If this were an optimistic book or movie, all of this would end with a lovely death bed forgiveness scene, with my father on the forgiveness end. My grandfather would apologize for how badly he's treated him all these years, and write him back into the will, the whole shebang. None of this is going to happen. Somewhat morbidly, I just want it to be over now. I want to go to the funeral, and see all the other relatives from that side of the family, people I haven't seen in decades, people my daughter has never met. I want to see people with my face. I want my grandfather to be dead, so that my father can start to heal that wound, as much as is possible to do so.
I want to take my daughter to see her only living great-grandmother.
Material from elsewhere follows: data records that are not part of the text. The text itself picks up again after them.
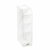 ORGANIZADOR DE MESA VERTICAL BRW COM 5 DIVISORIAS BRANCO TRANSLÚCIDO OR5000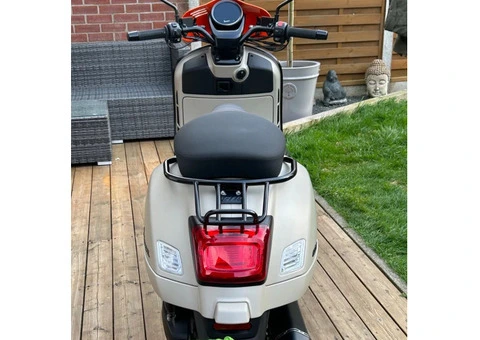 2023 Piaggio Vespa Gtv 300 gts - 7/7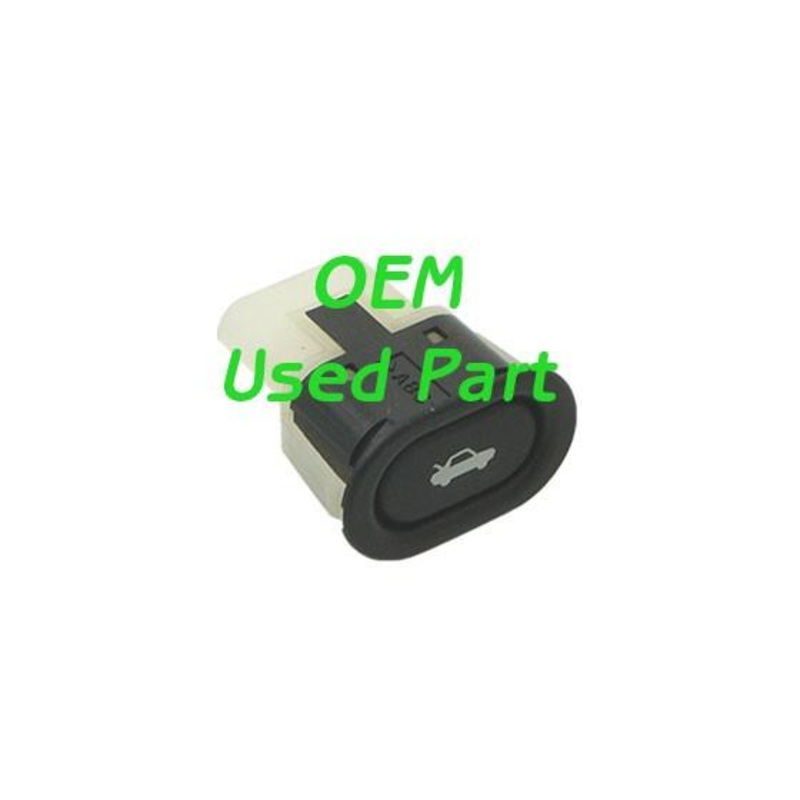 Trunk/Hatch Release Switch OEM USED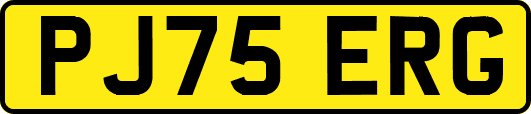 PJ75ERG
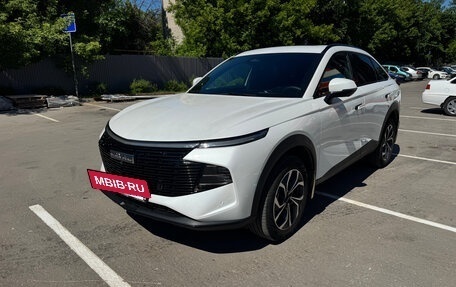 Haval F7x, 2025 год, 3 250 000 рублей, 6 фотография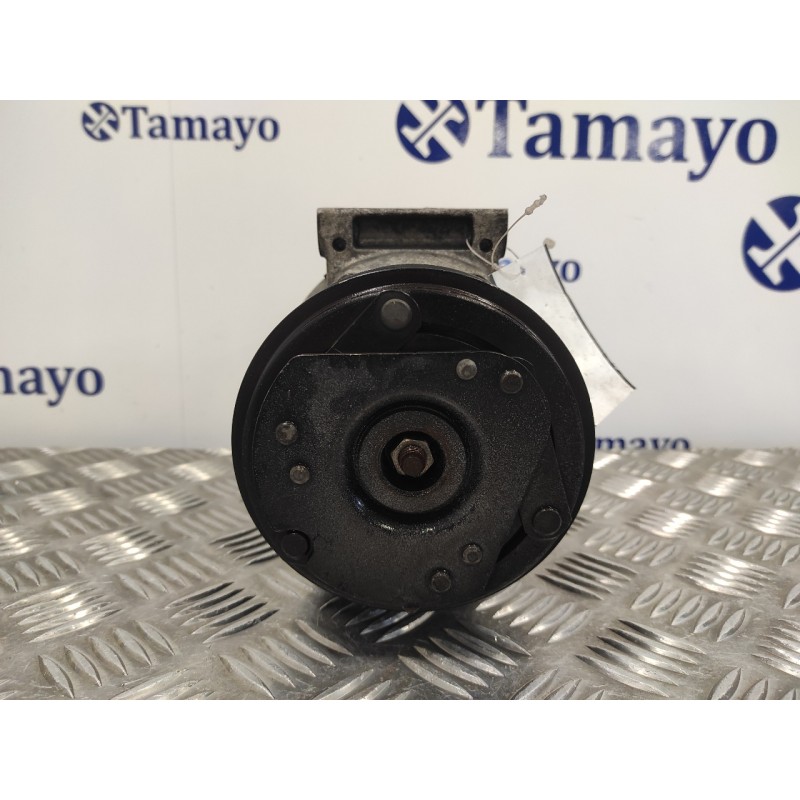 Recambio de compresor aire acondicionado para renault laguna ii (bg0) 2.2 dci turbodiesel referencia OEM IAM 8200924250  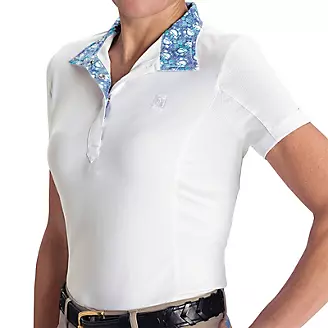 Romfh Ladies Lindsay SS Show Shirt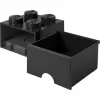 Copenhagen R.C. LEGO Brick Drawer 4 preto | RC40051733 (RC40051733)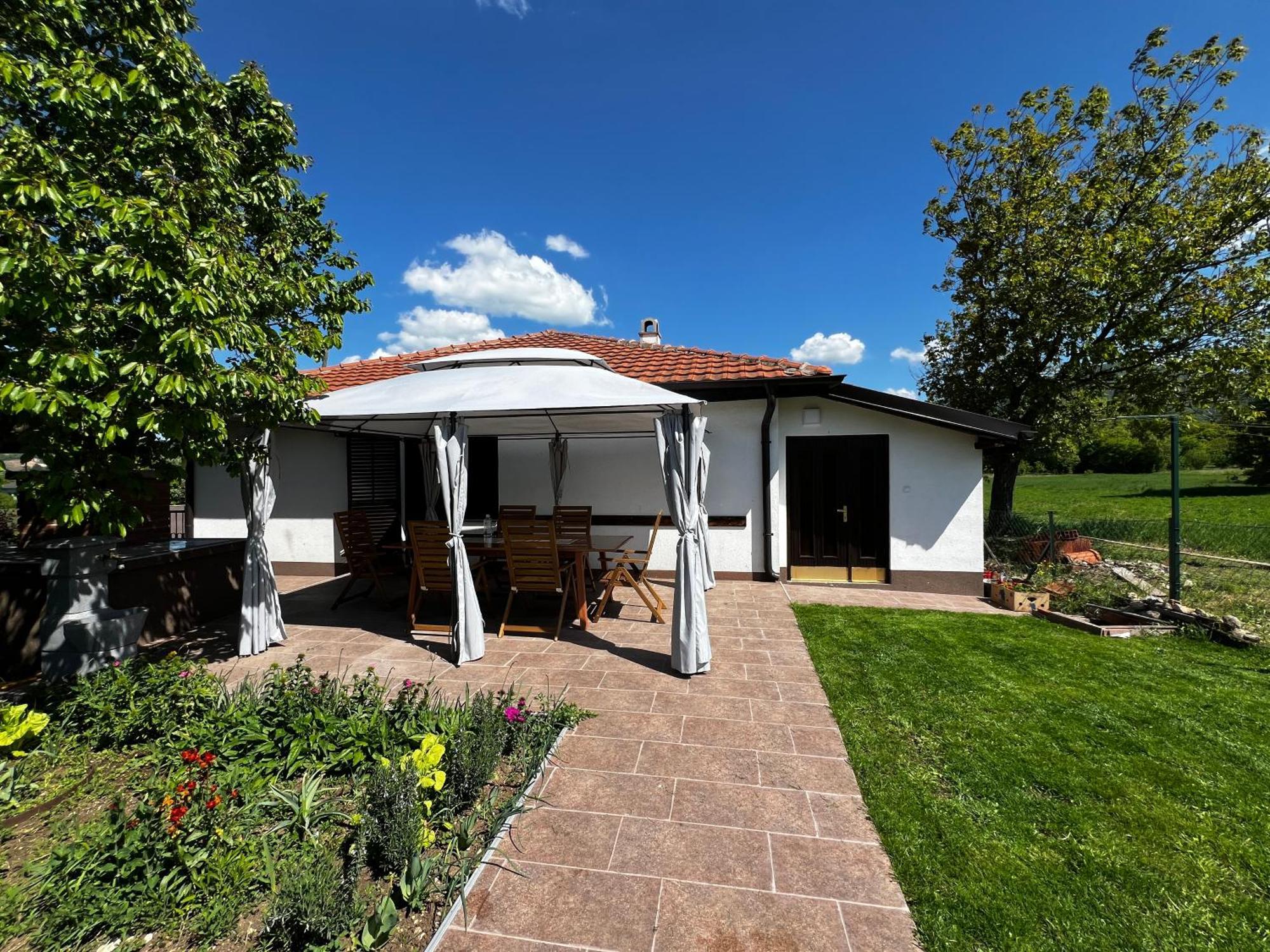 House Milovanovic Sokobanja Exterior foto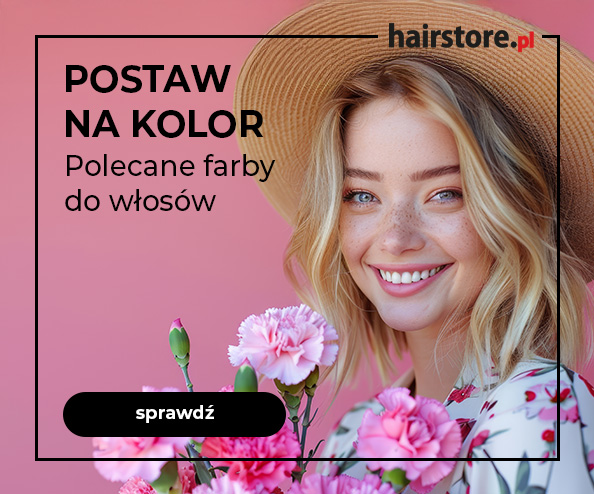 Najlepsze farby do włosów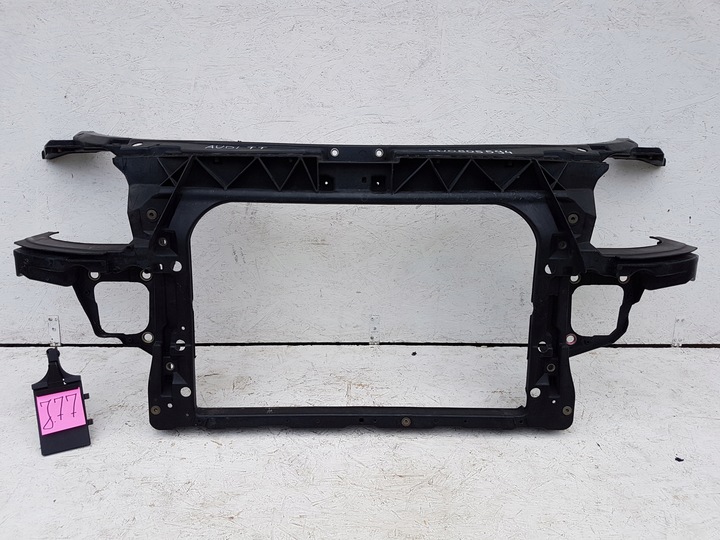 фото №1, Підсилювач pas переднє audi tt qutro 8n0805549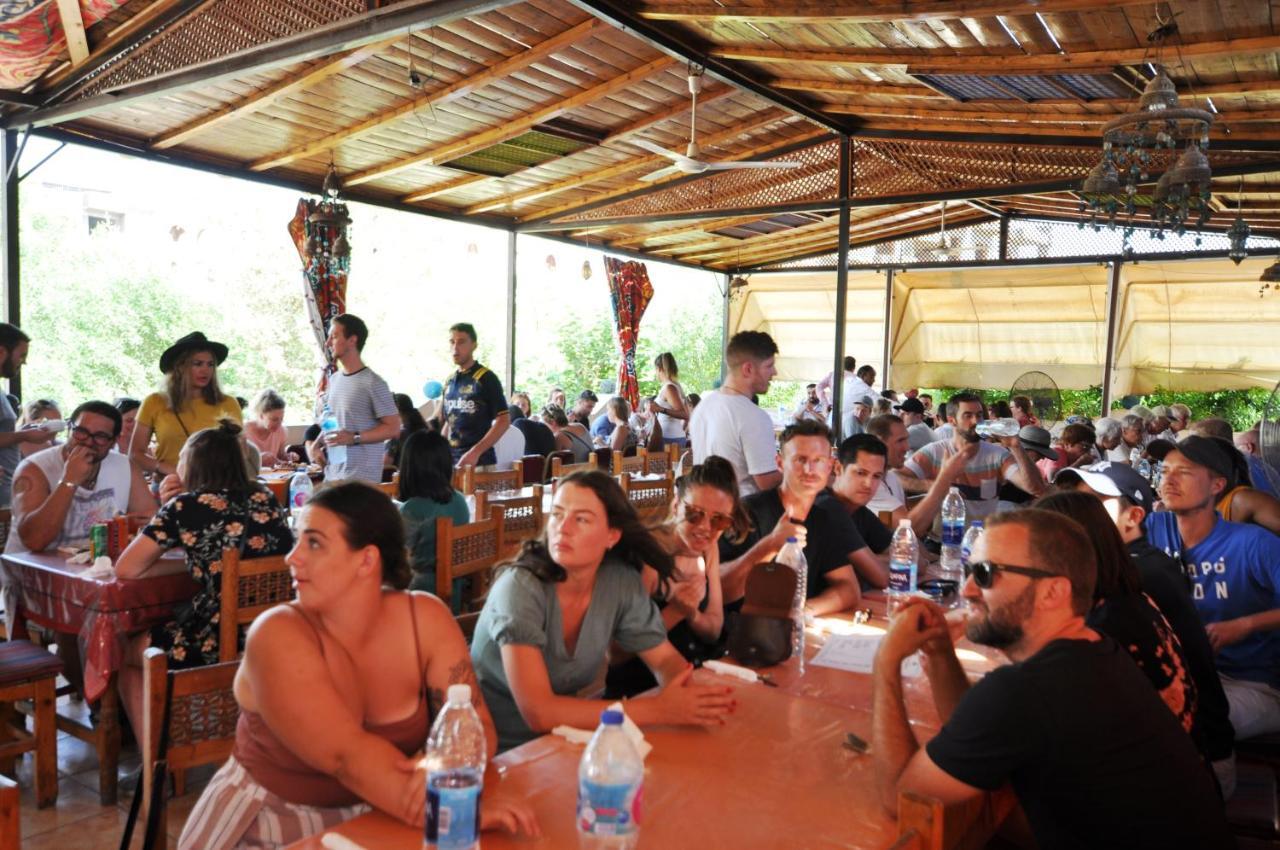 El Nakhil Hotel ลักซอร์ ภายนอก รูปภาพ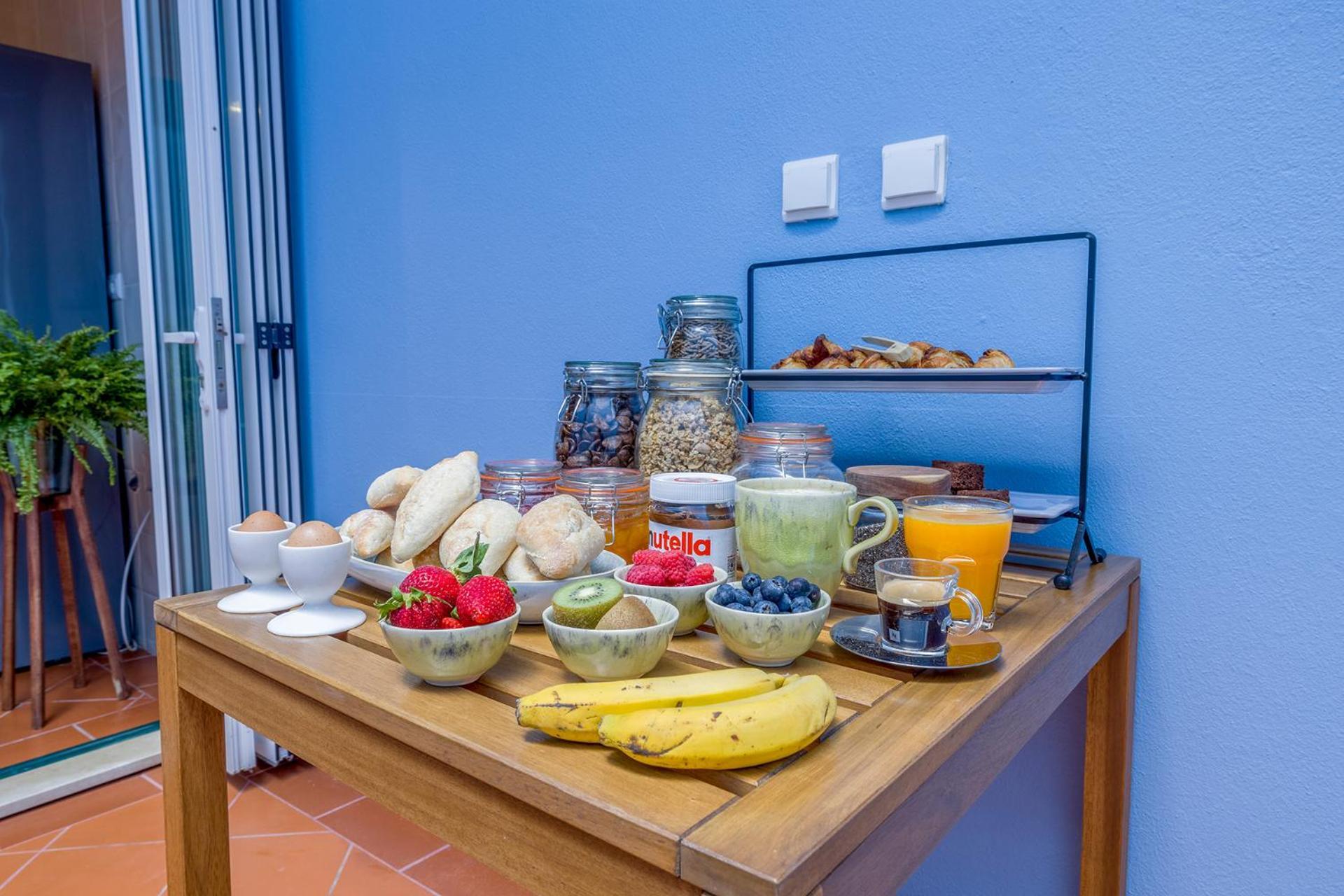 Casa Luma B&B Lagos Exteriér fotografie
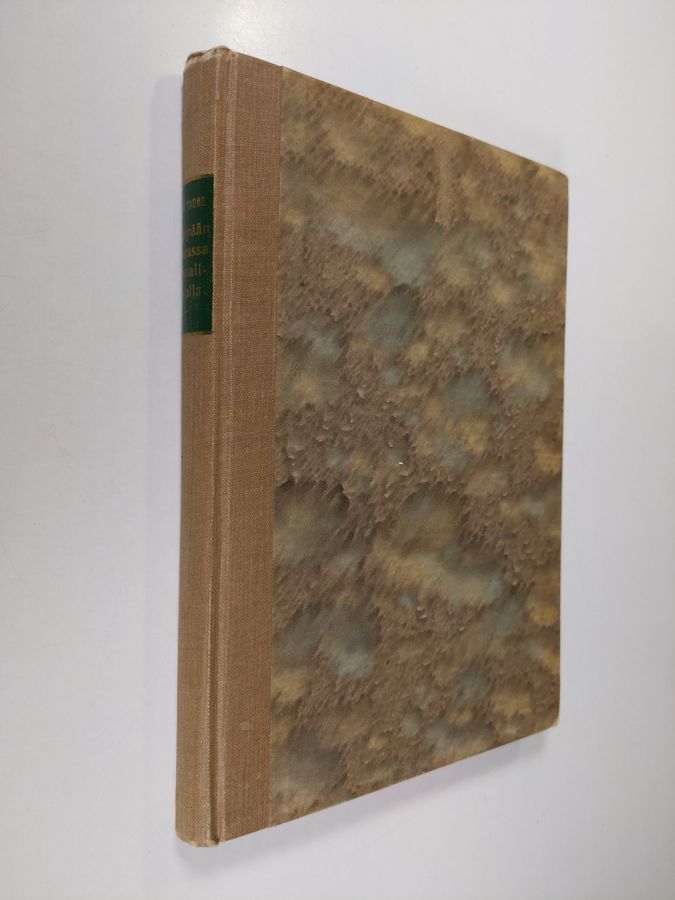 Jukka Piironen : Seipään varassa maailmalla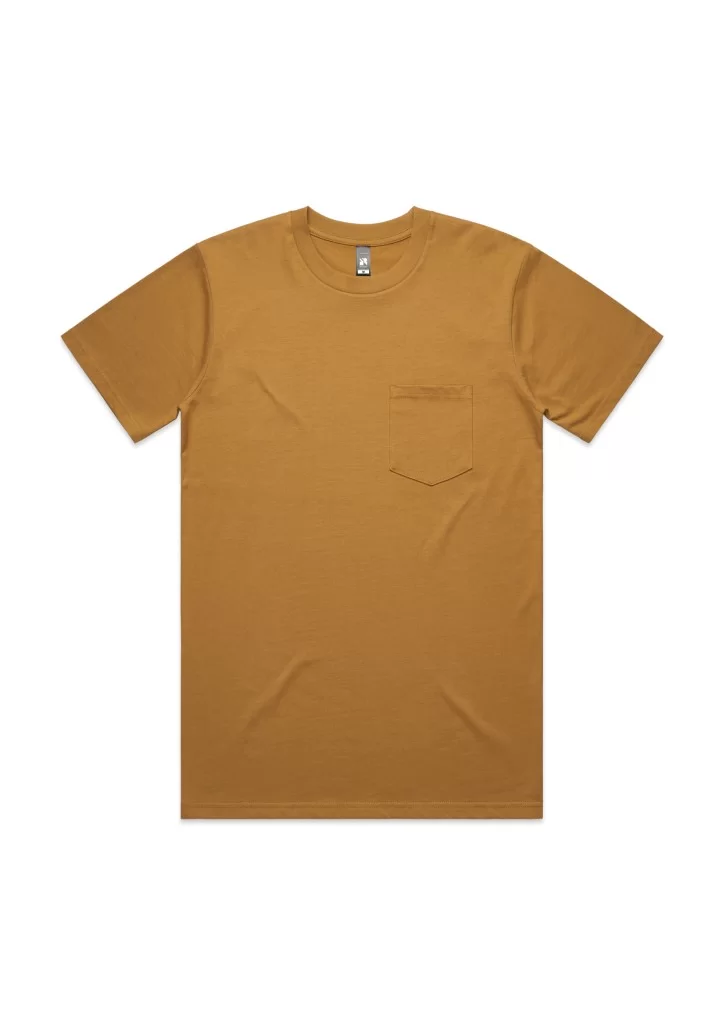 Classic Pocket Tee Classic Pocket Tee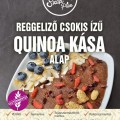 Szafi Free Reggeliző quinoa kása alap, csokis ízű 300g
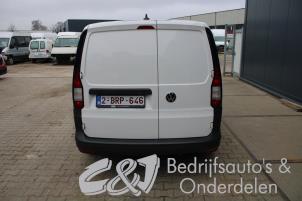 Used Rear end (complete) Volkswagen Caddy Cargo V (SBA/SBH) 2.0 TDI BlueMotionTechnology Price € 3.493,88 Inclusive VAT offered by C&J bedrijfsauto's & onderdelen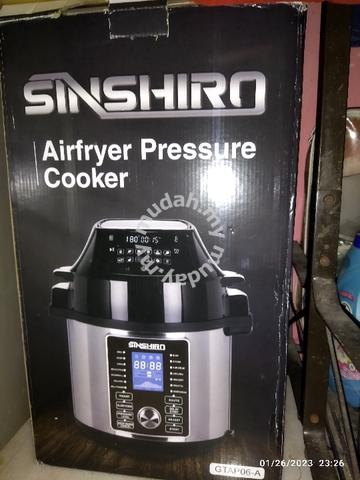 sinshiro air fryer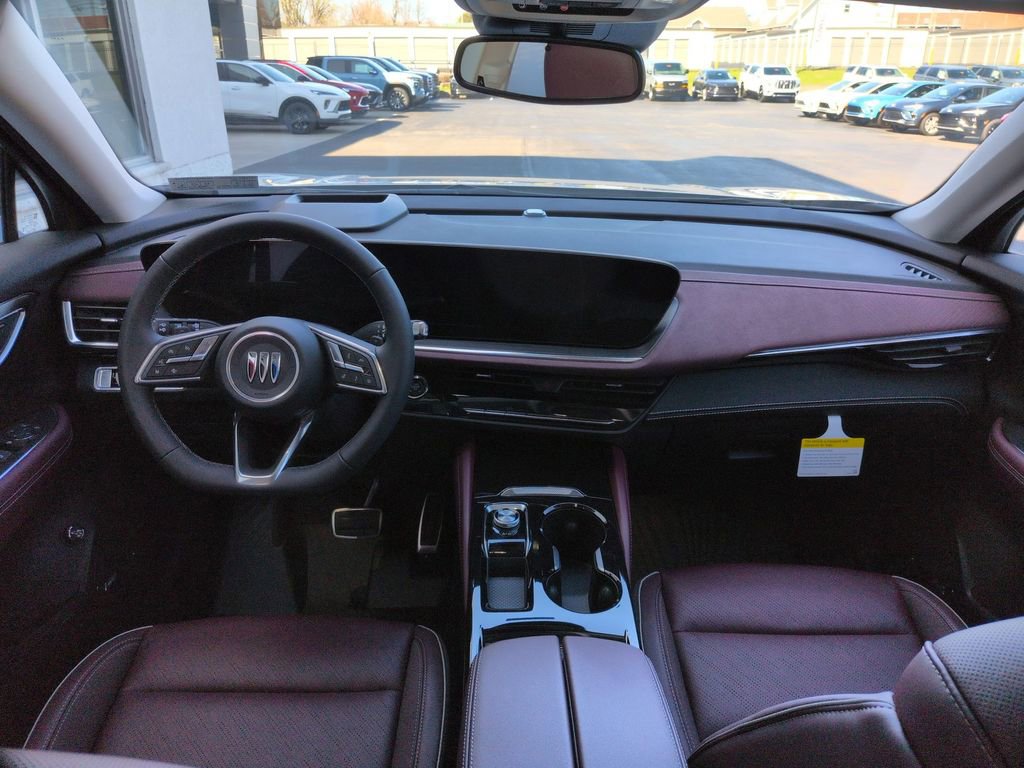 New 2026 Buick Envision Sport Touring AWD/4WD image 9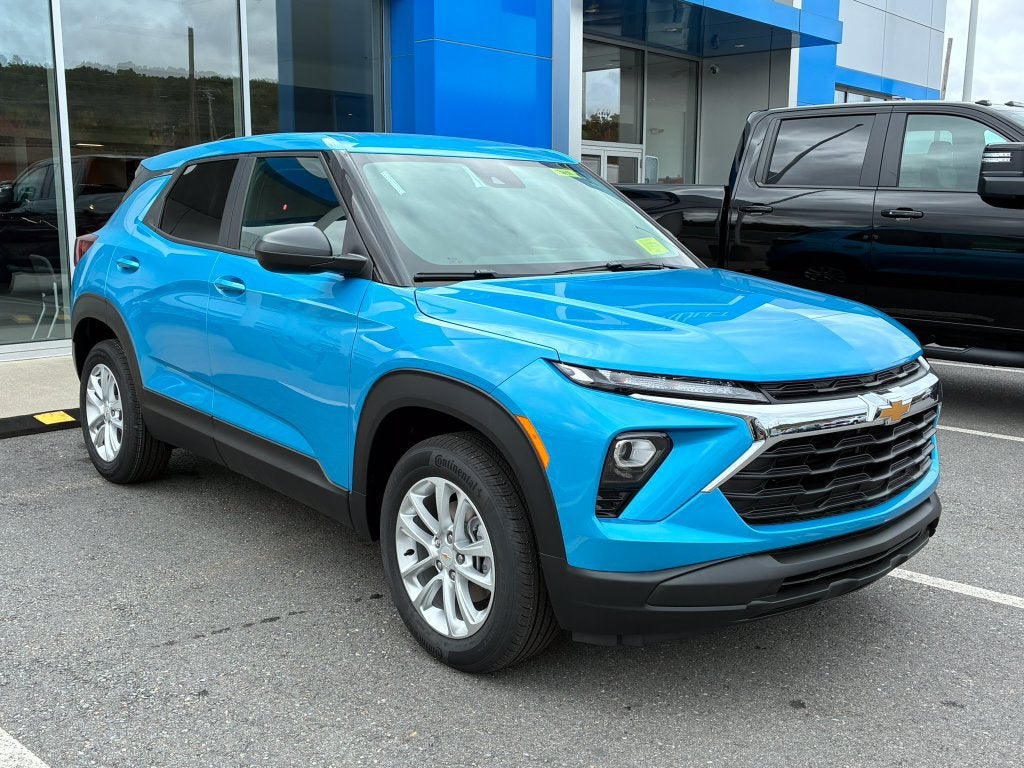 2026 Chevrolet Trailblazer LS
I want to visit my grandmother once a month for the rest of her life (she's ninety, that makes me nervous as I weave this plan of mine). I want to have her bake me a pie, teach me in person the secret of her fabulous crust. I want to ask her about all of her family stories: maybe she'll tell me, when my grandfather is finally gone, how she came to have two children out of wedlock before she married my grandfather. Maybe she'll tell me what happened to her oldest child, my uncle. Where did he go? I want to know what her life has been, not just how badly things went with my grandfather, but the other stuff. What is the other stuff, Grandmom? I want her to see my daughter, and to have my daughter have memories of her great-grandmother. I want to take pictures, have pictures taken of us all together. I want to ask my grandmother if her body is like my body, what growing old has been like for her in this body that might be like mine. I want to ask what her childhood was like.
This state of limbo is okay, as well. I know it won't last forever, and until then, I can hold in a tiny part of my heart some fantasy that my grandfather will make peace with my father, will make peace with me, my mother, my siblings. I can try to forgive him, even a little, while we still share the same planet.